We only store your personal data for as long as is necessary for the purposes described above. Information related to our service will be stored for 30 daysafter the customer relationship ends. Newsletters, marketing and Cognite conference invitations will be sent out until you opt-out or end your customer relationship with Cognite.

Your rights under the GDPR

You have the right to request additional information from us about how we process your personal information. You may request for us to correct your data if you locate any errors, access all the personal data we have stored about you, and delete your personal data. We willdelete your personal data if we no longer have a legal and legitimate processing purpose. You also have the right to ask us to provide you with your personal data in a structured, commonly used, machine-readable format. Please note that while we will endeavor to accommodate all reasonable requests, technical limitations may prevent us from directly transferring your data to another system.

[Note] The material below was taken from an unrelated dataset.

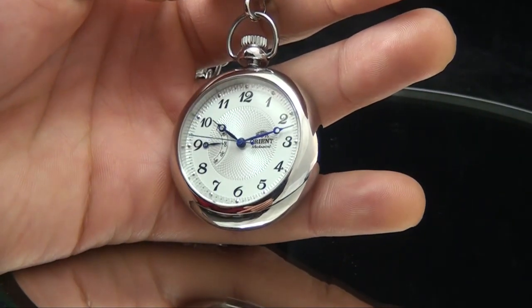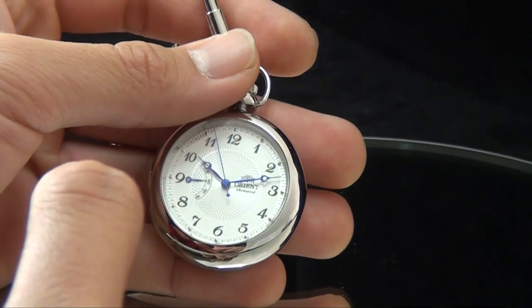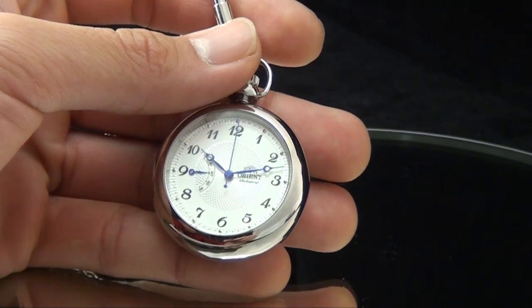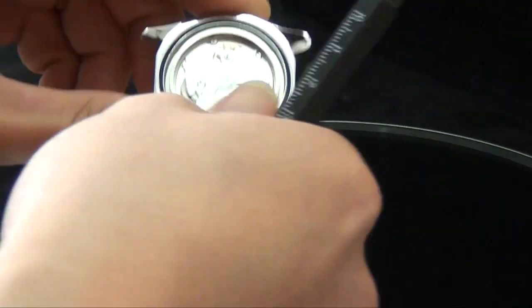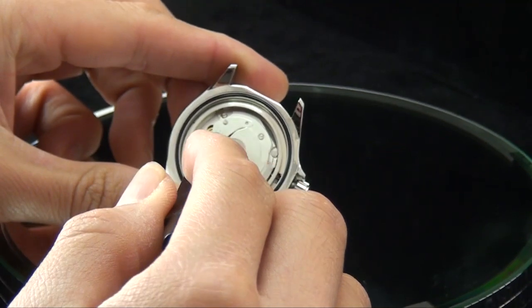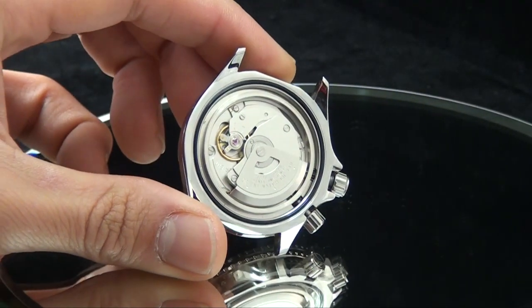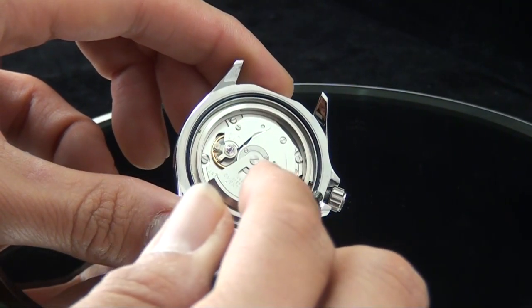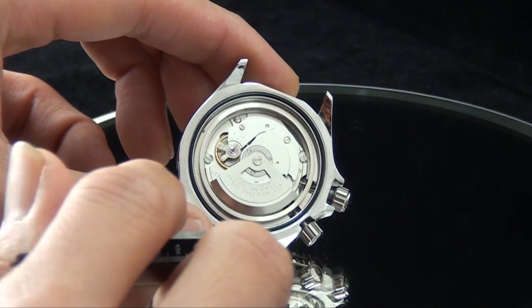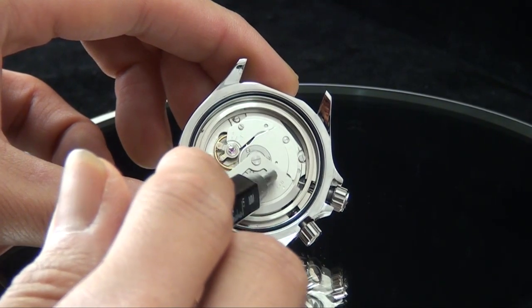The first question is: why was the CFDOC over-built? Can you explain how using an in-house movement factors into this, and what are some benefits of in-house movements? As you know, all automatic watches from Orient use their own in-house movement. This entire mechanism is made by Orient — it's not purchased, it's built and assembled by them. Many watch people consider this movement creation to be the heart of watchmaking.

Furthermore, you have the right to restrict our processing, object to our processing and to export personal data elsewhere. To exercise your rights, please contact us at privacy@cognite.com. We will respond to your inquiry as soon as possible, and at the latest within 30 days. If you wish to exercise your rights, we will require that you confirm your identity by providing additional information, such as a copy of your driving license or passport.

Complaint

If you believe that our collection, storage and use of personal data does not comply with our privacy notice or does not comply with privacy law, you may complain to the local data protection authority here: https://www.datatilsynet.no/

Changes to our Privacy Policy

We may change this statement from time to time in the future. Any such changes will be posted here and, where appropriate, notified to you in writing. We advise you to check back frequently to see any updates or changes.

Definitions

"CDF'' means Cognite Data Fusion, a software system made and implemented by or on behalf of Cognite, the core functionality of which is to collect, process, and store data and to make such data available for consumption. The term "CDF'' shall include CDF API and Extractors. A further description of CDF shall be maintained at https://docs.cognite.com/cdf/.

"Cognite" means Cognite AS and all existing subsidiaries.